Auf „Zuverlässigkeit“ überprüft
Nach profil-Recherchen überprüfte die LPD Wien auf Antrag von G4S heuer 23 Mitarbeiter auf ihre „Zuverlässigkeit“ hin (Basis ist hier Paragraf 130 der Gewerbeordnung, der unter anderem das Bewachungsgewerbe regelt). Es handelt sich um eine vergleichsweise niederschwellige Form der Erhebung, bei welcher Strafregistereinträge abgefragt werden (genauer: strafrechtliche Verurteilungen, Fahndungen und polizeiliche Abschlussberichte im Rahmen staatsanwaltschaftlicher Ermittlungsverfahren). Mehr sieht das Gesetz nicht vor.
Da der fragliche Mitarbeiter nicht vorbestraft ist, bekam er (wie auch die übrigen 22) eine Unbedenklichkeitsbescheinigung. Dies ungeachtet der Tatsache, dass schon eine einfache Google-Recherche eine Vielzahl von Hinweisen auf seine Verbindungen ins neonazistische Lager in Österreich und Deutschland liefert.

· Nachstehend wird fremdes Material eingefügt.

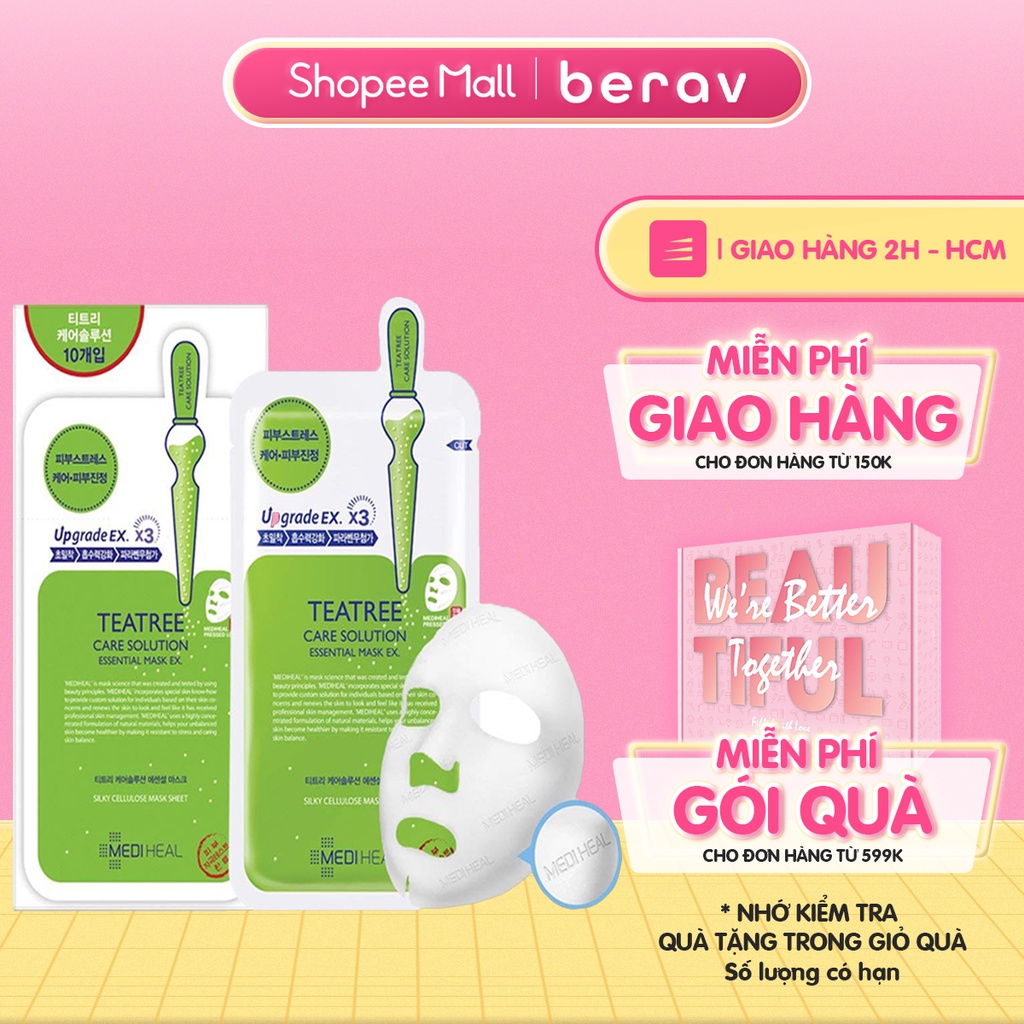 Combo 10 Mặt Nạ MEDIHEAL TEATREE Care Solution Essential Mask Tràm Trà Giảm Mụn 24mlx10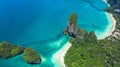 Aerial view Phra Nang Cave Beach with traditional long tail boat on Ao Phra Nang Beach, Railay Bay, Krabi, Thailand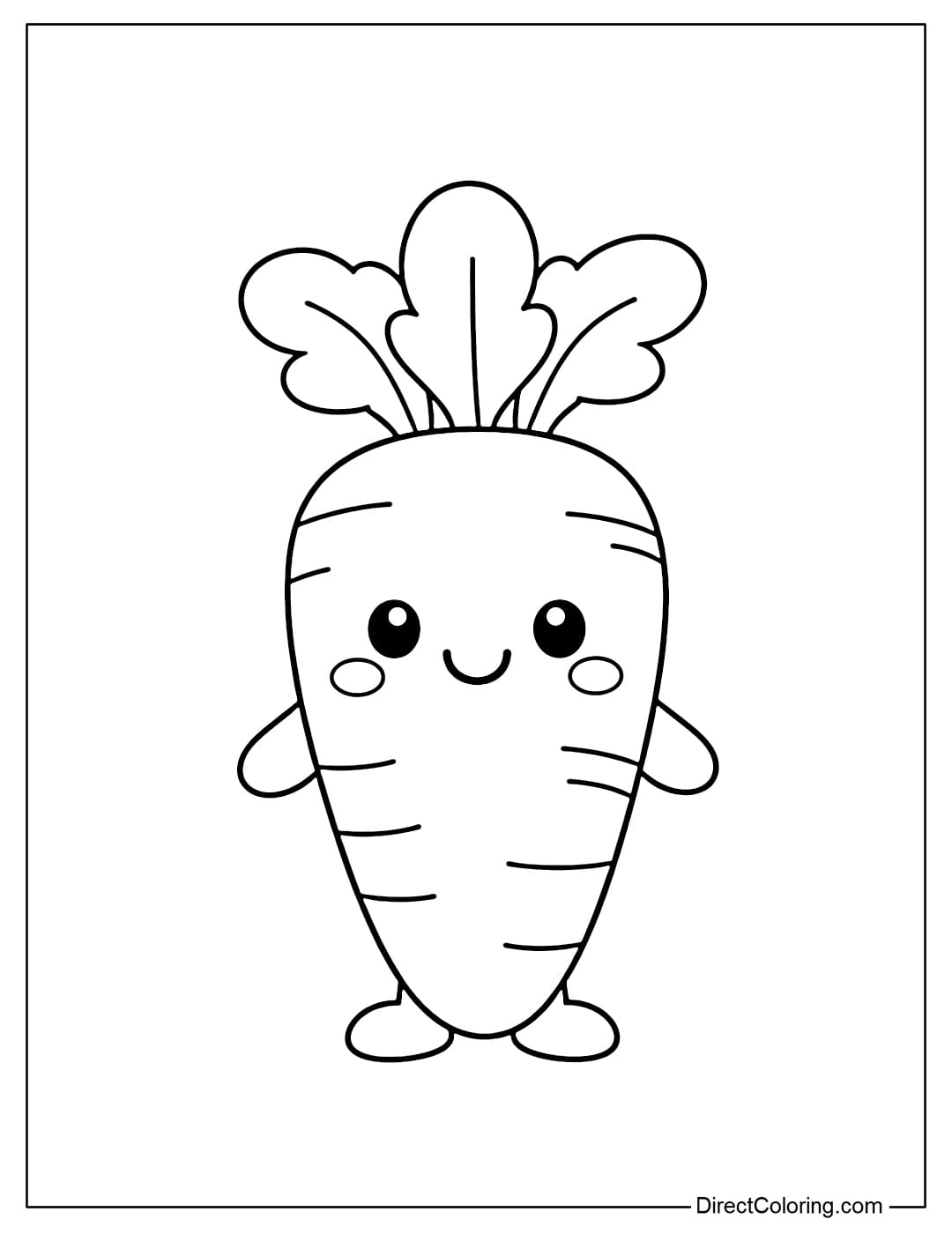 A carrot with a cute smiling face.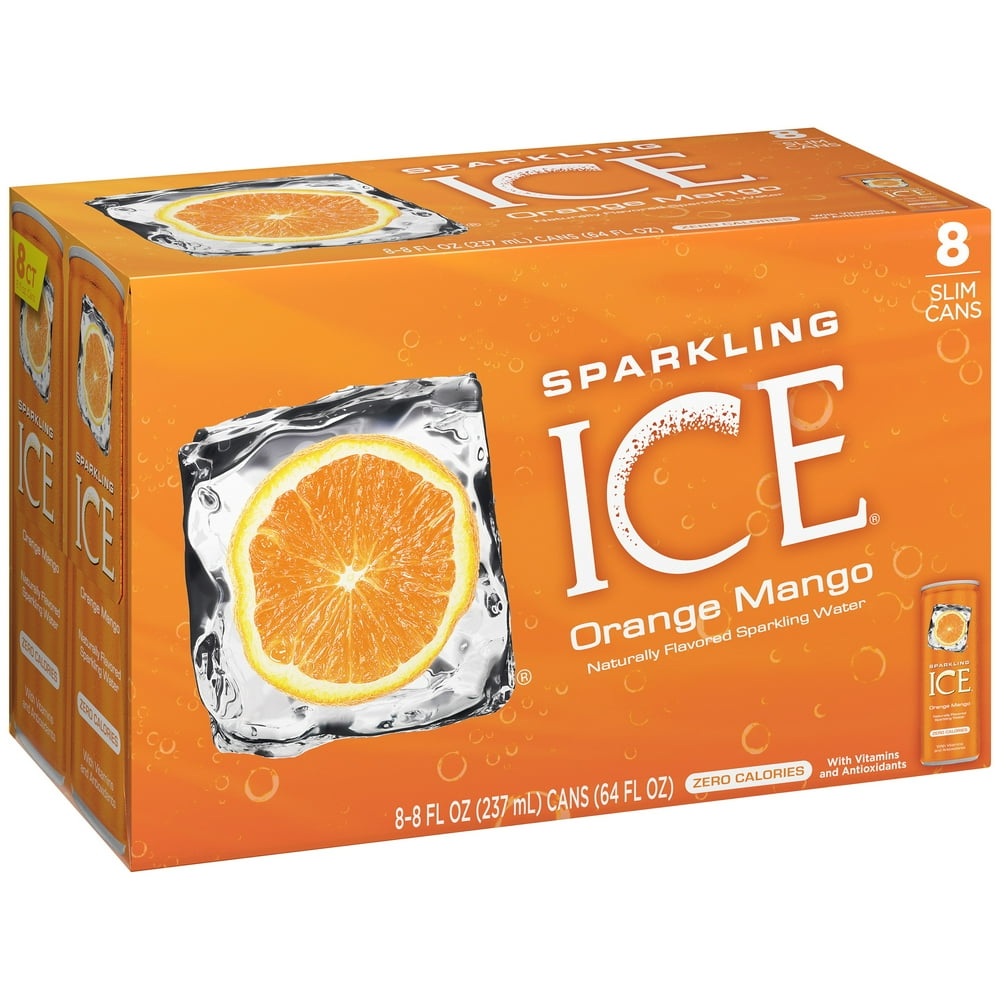 Sparkling Ice Orange Mango Sparkling Water, 8 Fl. Oz., 8 Count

In einer profil vorliegenden Mitteilung der LPD Wien an G4S vom 30. Mai dieses Jahres heißt es: „Zu der gegenständlichen Vorlage wird mitgeteilt, dass hinsichtlich der im Betreff genannten 23 Personen(en) keine Umstände bekannt sind, die die erforderliche Zuverlässigkeit und Eignung im Sinne der Gewerbeordnung ausschließen würde (sic!).“
In ihrer Presseaussendung legte die Generaldirektorin für die Öffentliche Sicherheit Kardeis nun Wert auf die Feststellung, dass für Mitarbeiter von Bewachungsunternehmen keine vertiefte „Sicherheitsüberprüfung“ vorgesehen sei, sondern eben nur eine Erhebung der „Zuverlässigkeit“: „Mitarbeiter, die in verfassungsmäßigen Einrichtungen wie dem Parlament oder in Unternehmen, die kritische Infrastruktur betreiben, eingesetzt werden, können darüber hinaus durch das BVT sicherheitsüberprüft werden.“
"Kein Antrag gestellt"
Laut Kardeis hätte dies aber nicht G4S, sondern der Auftraggeber, also die Parlamentsdirektion, veranlassen müssen. „Nach Auskunft des BVT wurde für die betreffende Person kein Antrag gestellt und daher auch nie eine Sicherheitsüberprüfung durchgeführt.“
Das nun wiederum erbost den Sprecher der Parlamentsdirektion Grundböck, einst Sprecher des Innenressorts. „Wir nehmen zur Kenntnis, dass hier vonseiten des Innenministeriums die semantische Frage diskutiert wird, wie und nach welchen Kriterien nun überprüft wurde. Im Endeffekt zählt für uns nur das Ergebnis. Und das Ergebnis lautet, dass eine Sicherheitsbehörde diesem Mann ein positives Zeugnis ausgestellt hat. Darauf haben wir uns verlassen.“
Und zu dem G4S-Mitarbeiter selbst? profil nennt seinen Namen aus medienrechtlichen Erwägungen nicht. Er ist Anfang 20, war ein Jahr beim Bundesheer, arbeitete vor G4S für mehrere Anbieter aus der Branche. Laut seinem Lebenslauf war er zwischen November 2015 und März 2016 an einem nicht näher ausgeführten „sicherheitspolitischen Assistenzeinsatz“ in Kärnten beteiligt („Grenzsicherung“ und „Ordnungsdienst“). Er hat einen Computerführerschein und eine Waffenbesitzkarte.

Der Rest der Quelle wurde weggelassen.